Yayımlandıktan 32 yıl sonra film uyarlaması ile yeniden gündeme gelen Zavallılar (Poor Things), edebiyat severlerin mutlaka okuması gereken eserlerden biri.
Pek çok kişi gibi ben de kitabı, Yorgos Lanthimos’un aynı adı taşıyan uyarlama filmi sayesinde keşfettim. Yönetmenin etkisinde kalmamak için filmi izlemeden okumak istediğim roman, öncelikle Alasdair Gray hayranı olmamı sağladı.
O nedenle pek sevdiğim "Zavallıla"ın oyuncaklı dünyasında kaybolmadan önce yazarından söz etmek istiyorum. Alasdair Gray, İskoç edebiyatının en önemli yazarlarından biri olarak kabul ediliyor. Zavallılar romanında olduğu gibi eserlerinde İskoçluğunu hissettiriyor; ülkesinin tarihini, kültürünü, kimliğini yansıtmaya özen gösteriyor, bunu evrensel bir üslupla ve politik bir dille yapıyor.
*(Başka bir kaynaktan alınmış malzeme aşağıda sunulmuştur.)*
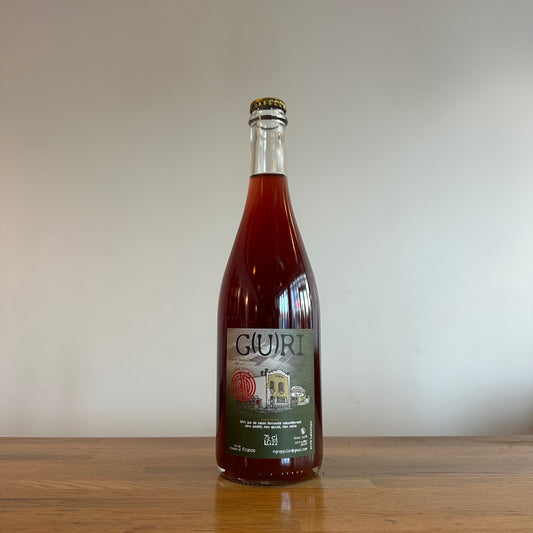 L'Egrappille, G(U)RI 2022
Eserlerinden dolayı yazarları ölümsüz kabul ettiğimden şimdiki zaman kipini kullansam da 28 Aralık 1934 doğumlu Alasdair Gray, 29 Aralık 2019’da yaşama veda etti. Gray sadece bir roman yazarı değil, oyunlar kaleme alan çok yönlü bir sanatçı, şair ve ressam.
Ressamlıkta da öğretmenlik, portre, illüstrasyon ve duvar resimleri yapacak kadar iddialı. Gray’in ilk romanı Lanark, 1981’de yayımlandı. 1992 yılında yayımlanan Zavallılar ile Whitbread Roman Ödülü’nü ve Guardian Kurgu Ödülü’nü kazandı.
İşte bu ödüllü roman yıllar sonra Yorgos Lanthimos’un uyarlama filmi ile gündeme gelince; yeniden basımı da bu yıl raflarda yerini aldı. Daha önce Sel Yayınları’ndan yayımlanan Zavallılar, yine Süha Sertabiboğlu’nun çevirisiyle, bu kez İthaki Yayınlarından çıktı. İlk basımın kapağında Gray’in çizimlerine yer verilmiş olması hoşuma gitti.
Yenisinde film afişinin kullanılmasını önce yadırgadım ancak dudaktaki ve gözlerdeki makyaj hilelerini öğrenince (dikkatli bakınca siz de göreceksiniz) romanın oyuncaklı yapısına uygun olduğu için sevdim.
Kitap içinde kitap, hikaye içinde hikaye
Gelelim hikayeye ya da hikayelere. Burada benim gibi hazırlıksız yakalanmamanız için küçük bir bilgi vereyim; çünkü konuya vakıf olabilmek için kitaba tam üç kez giriş yaptım. Ama gözünüz korkmasın; tavşan deliğinden bir kere düşünce çok renkli, tuhaf, ilginç, kafa karıştırıcı bir o kadar da ufuk açıcı bir hikaye sizi bekliyor.
Film nedeniyle; kendimi ölü bir kadının bebeğinin beyni ile yeniden hayata döndürüldüğüne ilişkin “Feminist Frankenstein” hikayeye hazırlayınca, direkt bu hikayeyi okuyacağımı sanmış olmalıyım.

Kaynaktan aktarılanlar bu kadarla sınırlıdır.